Sports: time to let women in the spotlight

22 September 2017 /

Last summer when you turned on the radio, you could hear at least every hour the very recognisable official song of the UEFA Euro 2016 “This one’s for you”. Pubs were organising events for every match and TV channels were fighting with each other to have the right to broadcast it. However, did you know that there was a UEFA Euro 2017 this summer? And did you know that there was also a Rugby World Cup and a FIBA Eurobasket? Unfortunately, when it comes to women’s sports, sponsors, media, and TV channels are less talkative.

David Guetta, Zara Laarson, where were you this summer?

This question might look off topic but it actually points out a very important aspect of the issue around women’s professional sport. The lack of communication. Indeed, this summer from the 16th July to the 6th August, there was the 12th edition of the UEFA Women’s championship that took place in the Netherlands, finishing with a great final opposing Denmark to the host country, the winner of the competition (4-2). Just after that, from the 9th August to the 26th August, there was the 8th edition of the Women’s Rugby World Cup in Ireland, with a final between England and New Zealand, the latter eventually won (41-32). In the European Union, less than 10% of newspaper sports articles and television coverage are about women’s sports and it reaches 13% worldwide (European Parliament, 2014). There is no denying that the lack of promotion regarding women’s sport creates a vicious circle: media does not talk about it often, sponsors do not see the interest to take part in it, the conditions to create a joyful atmosphere are not met and stadiums are far from being full. Whereas everyone could at least mention some names as Ronaldo, Messi, Zidane when it comes to football, not a lot would automatically answer Martens, Harder, Marozsan and it feels the same for other sports. More than a feeling of frustration or lack of recognition, this has crucial and practical consequences on professional sportswomen. Among others, they are considerably less paid than their male counterparts.

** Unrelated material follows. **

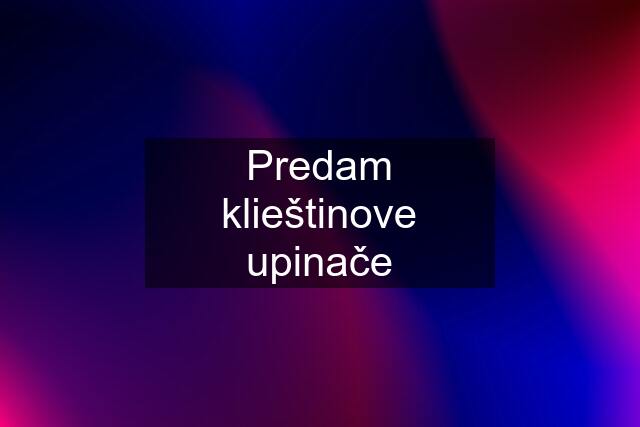 Predam klieštinove upinače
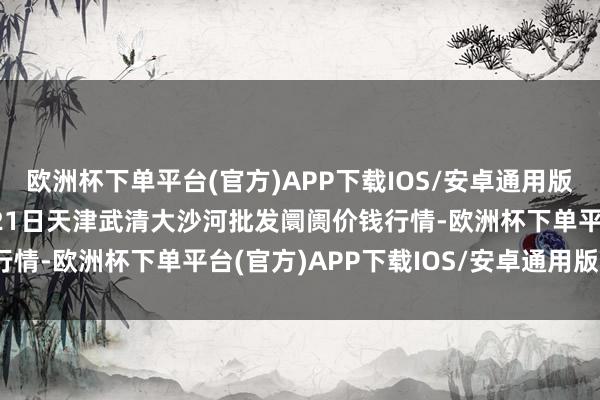 欧洲杯下单平台(官方)APP下载IOS/安卓通用版/手机版2024年11月21日天津武清大沙河批发阛阓价钱行情-欧洲杯下单平台(官方)APP下载IOS/安卓通用版/手机版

What is the European Union doing to promote women’s sport?

Since 2009, with the Lisbon Treaty, the European Union has competence in sport so it can launch actions in favour of gender equality in this field as far as it respects the principle of subsidiarity. Then, in 2014 and with the strategic actions 2014-2020 in mind, the European Commission recognised 3 major issues in the field of sport: women are under-represented in decision-making bodies, media and coaching; they suffer from unequal treatment especially regarding training and competing conditions but also in their employee status and they suffer from gender stereotypes that can lead to dangerous behaviours such as harassment. Consequently by 2020, all the member states are supposed to adopt “a national strategy for gender equality in sport”, to “promote diversity among decision makers”, there should be “40% of women and men as volunteer and employed coaches” as well as “30% of women and men as coaches of all the national federations’ team” and a “legal framework and an action plan against gender-based violence in sport”, media must cover women’s sport more and reduce the spreading of stereotypes (European Commission recommendations, 2016). Also, on the 24th January 2017, the international day of women’s sport has been created under the initiative of the French TV and radio regulatory body. To sum up, as usual, the member states are the ones to hold responsible if these measures are not respected.

What’s next?

The member states will have a lot of opportunities to prove that they are meeting their commitments under our citizen’s watchful eyes. Meanwhile, brace yourself for the next women’s sport events! Among others, in 2018, Spain will host the FIBA basketball World Cup, Japan will host Volleyball World Cup and France will host Handball European championship as well as the FIFA World Cup in 2019. If you are a football lover, take a look at the UEFA’s application for women’s football and its campaign named #weplaystrong. Now that we know about these events, it’s time to make some noise for our sportswomen!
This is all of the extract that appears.